The gardens at Mottisfont
Carpets of spring bulbs, a stunning walled rose garden, rich autumn leaves and a colourful winter garden make Mottisfont a feast for the senses all year round.
Tulips flower in the walled gardens throughout April, and the winter garden continues to boast bright colour and fragrance during spring. Our trees are dressed in bright green as fresh leaves emerge.
The first, early roses are beginning to emerge in the walled gardens, building up to our magnificent June display.
Nearby Spearywell woods, cared for by our countryside rangers, is a great place to spot bluebells from April - May, as well as anenomes and violets. The car park is located just under two miles north of Mottisfont along Oakley Road/B3084.
Get to know our gardens and grounds with a free guided walk when you visit.
Other garden highlights
The walled rose garden
For the medieval canons who first settled here, roses were sacred symbols. In the 1970s, Graham Stuart Thomas saved rare and beautiful blooms from extinction and created this glorious garden.
It's home to the National Collection of old fashioned roses, which flower once a year around June.
The font and river
The abundant spring that encouraged settlement at Mottisfont hundreds of years ago is now an ornamental of feature of the garden.

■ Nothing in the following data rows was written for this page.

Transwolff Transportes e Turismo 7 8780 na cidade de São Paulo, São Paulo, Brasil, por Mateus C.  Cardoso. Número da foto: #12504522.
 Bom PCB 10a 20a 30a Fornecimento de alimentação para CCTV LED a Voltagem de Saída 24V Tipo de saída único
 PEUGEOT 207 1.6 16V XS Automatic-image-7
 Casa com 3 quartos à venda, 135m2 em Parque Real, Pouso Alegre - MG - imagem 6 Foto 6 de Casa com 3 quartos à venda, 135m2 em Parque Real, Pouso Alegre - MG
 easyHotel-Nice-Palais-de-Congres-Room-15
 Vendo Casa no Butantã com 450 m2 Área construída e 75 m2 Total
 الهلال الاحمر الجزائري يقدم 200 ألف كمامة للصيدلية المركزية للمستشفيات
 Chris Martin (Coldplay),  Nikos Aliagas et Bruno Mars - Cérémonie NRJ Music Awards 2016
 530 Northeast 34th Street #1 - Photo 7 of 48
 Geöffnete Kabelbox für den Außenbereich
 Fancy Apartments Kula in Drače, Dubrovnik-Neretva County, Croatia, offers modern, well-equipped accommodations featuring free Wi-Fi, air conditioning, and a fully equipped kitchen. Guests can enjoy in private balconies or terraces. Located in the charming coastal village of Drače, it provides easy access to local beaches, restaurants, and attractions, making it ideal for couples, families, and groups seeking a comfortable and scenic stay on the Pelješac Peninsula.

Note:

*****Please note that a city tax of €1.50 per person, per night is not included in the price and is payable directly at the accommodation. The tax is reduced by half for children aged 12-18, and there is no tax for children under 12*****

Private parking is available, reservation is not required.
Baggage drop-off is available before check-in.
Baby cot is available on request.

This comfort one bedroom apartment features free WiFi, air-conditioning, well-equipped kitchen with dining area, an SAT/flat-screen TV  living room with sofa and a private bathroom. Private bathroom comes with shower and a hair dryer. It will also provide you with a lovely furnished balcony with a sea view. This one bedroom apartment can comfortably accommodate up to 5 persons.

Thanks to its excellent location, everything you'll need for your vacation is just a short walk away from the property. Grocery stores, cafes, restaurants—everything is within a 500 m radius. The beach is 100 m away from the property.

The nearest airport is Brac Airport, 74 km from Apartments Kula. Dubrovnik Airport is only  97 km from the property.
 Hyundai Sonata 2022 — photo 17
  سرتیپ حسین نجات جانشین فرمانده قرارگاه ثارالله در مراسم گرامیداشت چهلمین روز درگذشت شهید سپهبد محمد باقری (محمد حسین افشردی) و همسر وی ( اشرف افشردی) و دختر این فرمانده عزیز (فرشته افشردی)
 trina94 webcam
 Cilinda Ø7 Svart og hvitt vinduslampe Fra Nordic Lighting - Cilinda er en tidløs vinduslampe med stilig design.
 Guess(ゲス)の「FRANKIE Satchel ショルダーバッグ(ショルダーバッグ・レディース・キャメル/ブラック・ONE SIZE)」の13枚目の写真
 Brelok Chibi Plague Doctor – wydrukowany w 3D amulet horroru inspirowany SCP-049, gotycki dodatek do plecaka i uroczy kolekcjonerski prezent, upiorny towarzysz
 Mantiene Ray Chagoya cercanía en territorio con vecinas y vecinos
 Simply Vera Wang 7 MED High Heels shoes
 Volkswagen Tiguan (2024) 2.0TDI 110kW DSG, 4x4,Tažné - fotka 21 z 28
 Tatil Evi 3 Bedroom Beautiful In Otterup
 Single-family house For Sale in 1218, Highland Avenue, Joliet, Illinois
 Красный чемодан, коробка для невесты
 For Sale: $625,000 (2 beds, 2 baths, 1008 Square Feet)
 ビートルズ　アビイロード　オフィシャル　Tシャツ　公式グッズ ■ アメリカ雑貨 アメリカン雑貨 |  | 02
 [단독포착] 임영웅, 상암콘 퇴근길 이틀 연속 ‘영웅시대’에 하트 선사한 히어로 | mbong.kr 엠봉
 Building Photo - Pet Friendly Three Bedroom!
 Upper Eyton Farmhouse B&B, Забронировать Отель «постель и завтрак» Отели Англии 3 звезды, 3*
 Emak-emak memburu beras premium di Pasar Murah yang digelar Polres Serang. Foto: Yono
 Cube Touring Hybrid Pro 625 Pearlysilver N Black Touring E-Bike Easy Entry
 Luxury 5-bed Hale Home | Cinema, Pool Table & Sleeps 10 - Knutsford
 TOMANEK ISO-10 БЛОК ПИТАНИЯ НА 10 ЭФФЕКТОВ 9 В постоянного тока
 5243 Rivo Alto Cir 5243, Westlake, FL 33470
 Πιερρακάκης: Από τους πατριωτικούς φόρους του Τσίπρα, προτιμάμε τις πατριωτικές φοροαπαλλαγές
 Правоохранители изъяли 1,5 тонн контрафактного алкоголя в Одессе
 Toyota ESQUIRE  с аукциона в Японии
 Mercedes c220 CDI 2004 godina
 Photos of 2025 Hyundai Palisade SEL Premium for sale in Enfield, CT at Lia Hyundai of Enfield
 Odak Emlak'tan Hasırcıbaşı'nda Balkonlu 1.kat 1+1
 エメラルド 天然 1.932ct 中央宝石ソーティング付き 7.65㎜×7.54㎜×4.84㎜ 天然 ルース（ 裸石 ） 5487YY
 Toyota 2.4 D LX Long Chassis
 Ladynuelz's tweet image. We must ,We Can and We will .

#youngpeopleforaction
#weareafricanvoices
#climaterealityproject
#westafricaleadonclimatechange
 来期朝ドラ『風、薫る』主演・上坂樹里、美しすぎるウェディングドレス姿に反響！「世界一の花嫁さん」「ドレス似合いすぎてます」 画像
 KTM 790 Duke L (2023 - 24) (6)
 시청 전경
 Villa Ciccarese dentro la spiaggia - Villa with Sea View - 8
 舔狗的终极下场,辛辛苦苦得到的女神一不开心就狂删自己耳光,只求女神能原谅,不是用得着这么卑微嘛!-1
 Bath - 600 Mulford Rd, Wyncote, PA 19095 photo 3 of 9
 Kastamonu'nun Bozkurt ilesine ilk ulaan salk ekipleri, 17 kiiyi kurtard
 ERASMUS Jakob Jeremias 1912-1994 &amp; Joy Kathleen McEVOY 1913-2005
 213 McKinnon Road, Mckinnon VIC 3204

The font and River Test have enabled gardeners over the centuries to make a landscape that is both beautiful and productive.
Now a haven for wildlife and a place for wonderful walks, the Abbey Stream is a man-made channel that was created to bring the River Test closer to the house. The river is now home to a wide range of wildlife - gaze at the crystal clear river and see trout, salmon or rarer species.
Visitors approaching Mottisfont are often drawn to the enormous tree which, from some angles, seems to dwarf the building. This huge London Plane is thought to be the largest of its kind in Britain, and forms part of the Natioanl Collection of plane trees which stand in our grounds.
Mottisfont is home to many other breath-taking trees, including grand horse chestnuts and stately oaks, fine examples of carefully planned 'informal' landscape planting from the 18th and 19th centuries.
An elegant double row of pollarded limes and the yew octagon were planted later, in Maud Russell's time. A beech circle was also planted between the walled gardens and the stables about 50 years ago to replace a similar feature that had come to the end of its life.